GetListOfLeaves() for branches with vectors

Hello,

I am trying to read a dummy tree with two branches: the first one, with name ‘particle’, contains objects of some class (Susy::Particle, but in general it could be any non-basic type); the second one, with name ‘partVec’, contains a std::vector of the same type of objects. The dictionary for this object is generated with rootcint, and loaded at runtime as a shared library.
What I am trying to do is:

  • determine the type of each leaf
  • allocate an object of that type
  • do a TBranch::SetBranchAddress(AddressOf(object)) and read the tree re-using the object initially allocated

While this seems to be doable for the branch with a single object, I am having some difficulty with the case where the branch holds a vector. In particular, I cannot determine the type with

br.GetLeaf(l.GetName()).GetTypeName().
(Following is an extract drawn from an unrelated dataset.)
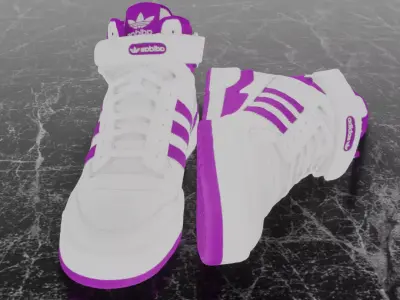 ADIDAS FORUM MID - PURPLE 3D SHOES Low-poly 3D model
An example code showing this is below:

#!/bin/env python                                                                                                                                                                                         

import ROOT as r

r.gSystem.Load("libPhysics.so")
r.gSystem.Load("/tmp/supy-dev/supy//cpp/libSusy.so")
filename='/tmp/supy-dev/supy/tests/wrapobject/nonflat_typetree.root'
f = r.TFile.Open(filename)
tree = f.tree
branchnames = ['particle','partVec']

line = '-'*64
buffers = {}

for branchname in branchnames :
    print line
    br = tree.GetBranch(branchname)
    print 'branch ',branchname,' with type ',type(br)
    print 'list of leaves for branch ',br.GetName()
    for l in br.GetListOfLeaves():
        lname, ltype = l.GetName(), br.GetLeaf(l.GetName()).GetTypeName()
        print '-> ',lname,' with type ',ltype
        # # the following two lines do not work for vectors                                                                                                                                               
        # rootKnownType = getattr (r, ltype)                                                                                                                                                              
        # buffers[lname] = rootKnownType()                                                                                                                                                                
print line
print 'rely on PyROOT automagic'
tree.GetEntry(0)
for bn in branchnames :
    br = getattr(tree, bn)
    print 'tree.',bn,' : ',type(br)

producing this output:

$ python dumpinfo.py
----------------------------------------------------------------
branch  particle  with type  <class '__main__.TBranchElement'>
list of leaves for branch  particle
->  particle  with type  Susy::Particle
----------------------------------------------------------------
branch  partVec  with type  <class '__main__.TBranchElement'>
list of leaves for branch  partVec
->  partVec_  with type  Int_t
----------------------------------------------------------------
rely on PyROOT automagic
tree. particle  :  <class '__main__.Susy::Particle'>
tree. partVec  :  <class '__main__.vector<Susy::Particle,allocator<Susy::Particle> >'>

I do not understand why the “vector branch” apparently has one leaf with type ‘Int_t’.
However, I see that the default PyROOT branch access can correctly determine that the branch holds a “vectorSusy::Particle”, so it should be possible to do the same in my test.
Could someone please advise me on how this can be done?

Best regards,

Davide

P.S. the code to create the dummy tree is available at the following link, although what I describe is not specific to this tree or class:
github.com/elaird/supy/blob/dev … lat.py#L46
The dictionary generation happens here : github.com/elaird/supy/blob/dev … p/Makefile

Hi,

the relevant code from TTreeGetAttr from Pythonize.cxx:[code]
// search for branch first (typical for objects)
TBranch* branch = tree->GetBranch( name );
if ( ! branch ) {
// for benefit of naming of sub-branches, the actual name may have a trailing '.'
branch = tree->GetBranch( (std::string( name ) + ‘.’ ).c_str() );
}

  if ( branch ) {
  // found a branched object, wrap its address for the object it represents
     TClass* klass = TClass::GetClass( branch->GetClassName() );
     if ( klass && branch->GetAddress() )
        return BindRootObjectNoCast( *(char**)branch->GetAddress(), klass );
  }[/code]

So, for objects, you’ll want to use branch.GetClassName(), instead of the type name returned by the leaf.

HTH,
Wim

Thank you, Wim!
That’s exactly what I was trying to do.
Cheers,

Davide